Skip to content

utils

Utility functions for pod5 tools

assert_inputs_exist

assert_inputs_exist(inputs: Iterable[Path])

Assert all inputs exist. Raises FileExistsError otherwise

assert_no_duplicate_filenames

assert_no_duplicate_filenames(inputs: Collection[Path]) -> None

Raises ValueError if there are duplicate filenames in the collection of Paths

collect_inputs

collect_inputs(
    paths: Iterable[Path],
    recursive: bool,
    pattern: Union[str, Collection[str]],
    threads: int = DEFAULT_THREADS,
) -> Set[Path]

Returns a set of path which match any of the given glob-style patterns

If a path is a directory this will be globbed (optionally recursively). If a path is a file then it must also match any of the given patterns.

Raises FileExistsError if any inputs do not exist

init_logging

init_logging()

Initialise logging only if POD5_DEBUG is true

is_disable_pbar

is_disable_pbar() -> bool

Check if POD5_PBAR is set returning true if PBAR should be disabled

is_pod5_debug

is_pod5_debug() -> bool

Check if POD5_DEBUG is set

limit_threads

limit_threads(requested: int) -> int

Santise and limit the number of requested threads to the number of logical cores

logged

logged(log_return: bool = False, log_args: bool = False, log_time: bool = False)
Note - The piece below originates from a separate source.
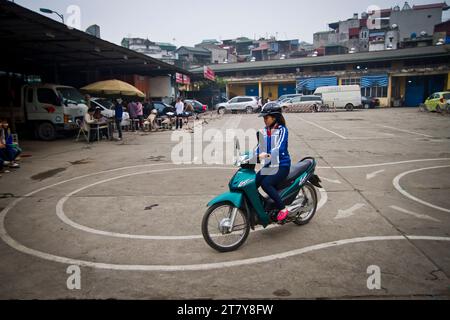 Les Vietnamiens passent le test de conduite de moto à Hanoi, Vietnam, Asie Banque D'Images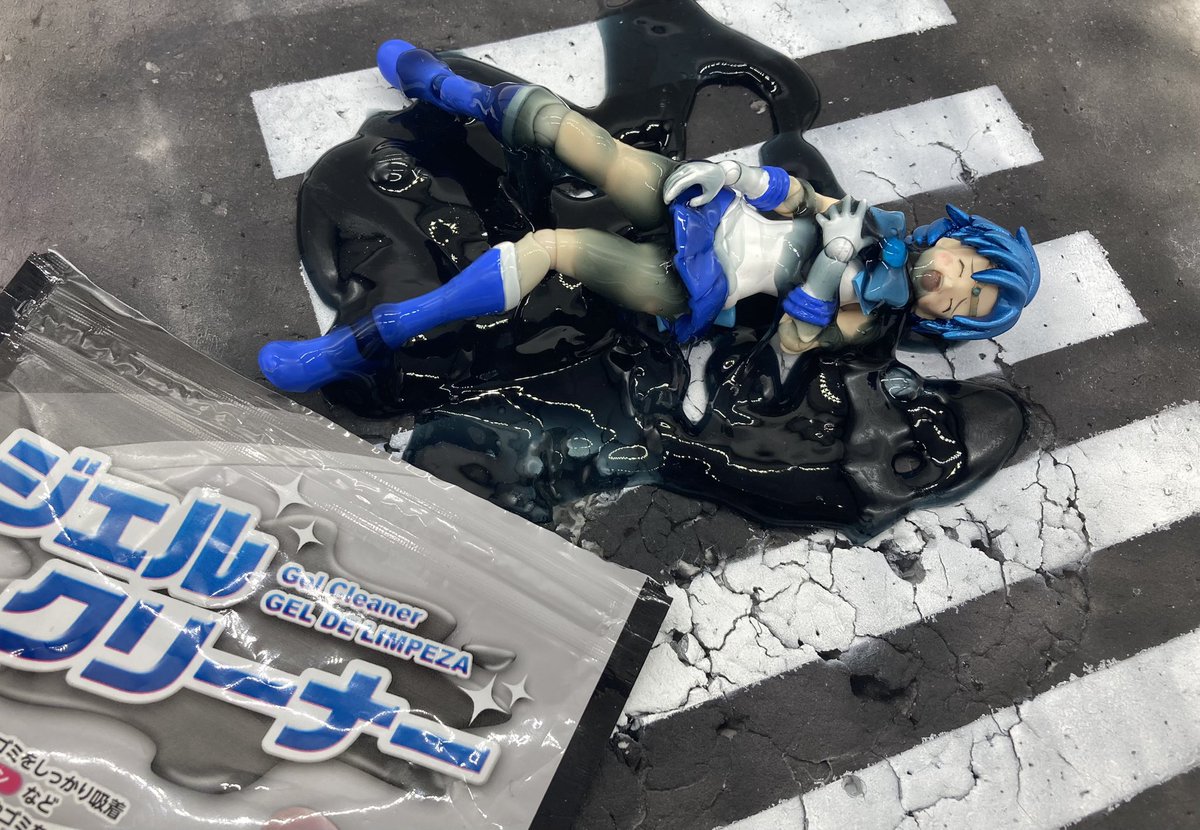gentarohX's tweet photo. あーあ
ジェルクリーナーの封を閉め忘れていたせいでセーラーマーキュリーがネチョネチョになっちゃったよ😞
これだから100均製はなぁ…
Logging parameterised decorator

search_path

search_path(path: Path, recursive: bool, patterns: Collection[str]) -> Set[Path]

Search path matching pattern searching directories recursively if requested

search_paths

search_paths(
    paths: Iterable[Path],
    recursive: bool,
    pattern: Union[str, Collection[str]],
    threads: int = DEFAULT_THREADS,
) -> Set[Path]

Search all paths matching any of patterns searching directories recursively if requested

terminate_processes

terminate_processes(processes: List[SpawnProcess]) -> None

terminate all child processes

pl_format_empty_string

pl_format_empty_string(expr: Expr, subst: Optional[str]) -> Expr

Empty strings are read as a pair of double-quotes which need to be removed

pl_format_read_id

pl_format_read_id(read_id_col: Expr) -> Expr

Format read ids to in UUID style

pl_from_arrow

pl_from_arrow(table: Table, rechunk: bool) -> DataFrame

Workaround failure to read our arrow extension type

pl_from_arrow_batch

pl_from_arrow_batch(record_batch: RecordBatch, rechunk: bool) -> DataFrame

Workaround failure to read our arrow extension type